Value types tend to be simple. As Figure 1 shows, the types in this category include Byte, Char, signed integers of various lengths, unsigned integers of various lengths, single- and double-precision floating point, Decimal, Boolean, and more. Reference types, by contrast, are more complex. As shown in the figure, for instance, the CTS's reference types include the following:

Class: A CTS class can have methods, events, and properties; it can maintain its state in one or more fields; and it can contain nested types. Classes have one or more constructors, which are initialization methods that execute when a new instance of this class is created. A class can directly inherit from at most one other class, and act as the direct parent for at most one inheriting child class. A class can also implement one or more interfaces, described next.
Interface: An interface can include methods, properties, and events. Unlike a class, an interface can inherit from one or more other interfaces simultaneously.
Array: An array is a group of values of the same type. Arrays can have one or more dimensions, and their upper and lower bounds can be set more or less arbitrarily (although languages built on the CTS commonly restrict this freedom).
String: A string is just a group of Unicode characters. Strings can't be modified once they're created.
Delegate: A delegate is effectively a pointer to a method, and they're commonly used for event handling and callbacks.

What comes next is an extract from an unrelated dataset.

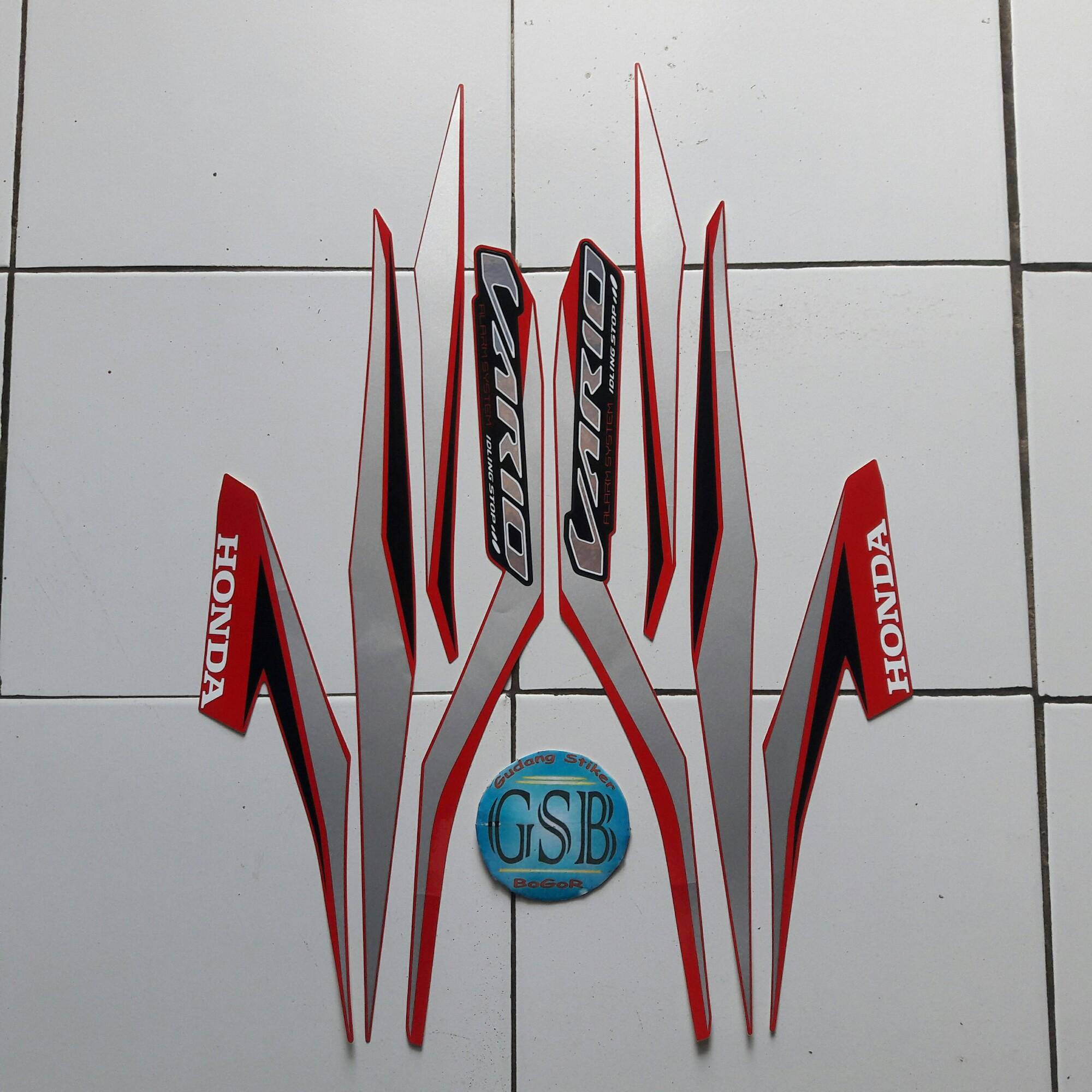 Stiker Striping Motor honda vario 125 iss 2018 merah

To really understand the difference between value types and reference types—a fundamental distinction in the CTS—you must first understand how memory is allocated for instances of each type. In managed code, values can have their memory allocated either on the stack managed by the CLR or on a CLR-managed heap. Variables allocated on the stack are typically created when a method is called or when a running method creates them. In either case, the memory used by stack variables is automatically freed when the method in which they were created returns. Variables allocated on the heap, however, don't have their memory freed when the method that created them ends. Instead, the memory used by these variables is freed via a process called garbage collection.

A basic difference between value types and reference types is that an instance of a value type has its value allocated on the stack, while an instance of a reference type has only a reference to its actual value allocated on the stack. The value itself is allocated on the heap. Figure 2 shows an abstract picture of how this looks. In the case shown here, three instances of value types—Int16, Char, and Int32—have been created on the managed stack, while one instance of the reference type String exists on the managed heap. Note that even the reference type instance has an entry on the stack—it's a reference to the memory on the heap—but the instance's contents are stored on the heap.

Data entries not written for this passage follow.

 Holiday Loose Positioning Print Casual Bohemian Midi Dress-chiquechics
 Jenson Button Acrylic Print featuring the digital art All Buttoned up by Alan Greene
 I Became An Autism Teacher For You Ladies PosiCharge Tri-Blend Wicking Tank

Figure 2 Instances of value types are allocated on the managed stack, whereas instances of reference types are allocated on the managed heap.

There are cases when an instance of a value type needs to be treated as an instance of a reference type. For situations like this, a value type instance can be converted into a reference type instance through a process called boxing. When a value type instance is boxed, storage is allocated on the heap and the instance's value is copied into that space. A reference to this storage is placed on the stack. The boxed value is an object, a reference type that contains the contents of the value type instance. A boxed value type instance can also be converted back to its original form, a process called unboxing.

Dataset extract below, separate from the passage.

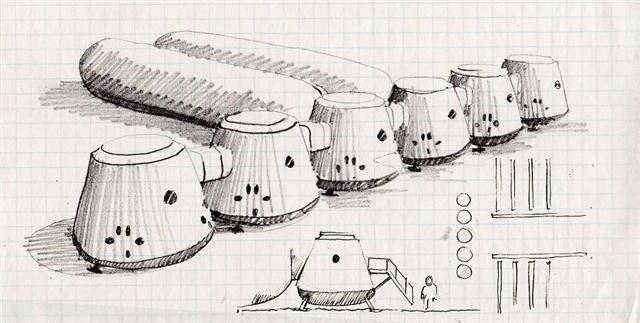 화성 거주촌의 최초 설계 스케치.  마스 원 홈페이지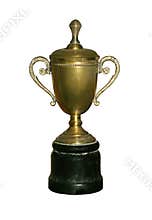 Vintage gold cup with path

CLR-based programming languages such as C# and Visual Basic.NET construct their own type systems on top of the CTS types. Despite their different representations, however, the semantics of these types are essentially the same in typical CLR-based languages. Because of this, no matter which CLR-based language you're working in—C#, VB.NET, or something else—the CTS underlies a large part of what you're doing. As Windows development shifts more and more to .NET, the CTS will become the foundation for a growing part of the world's software.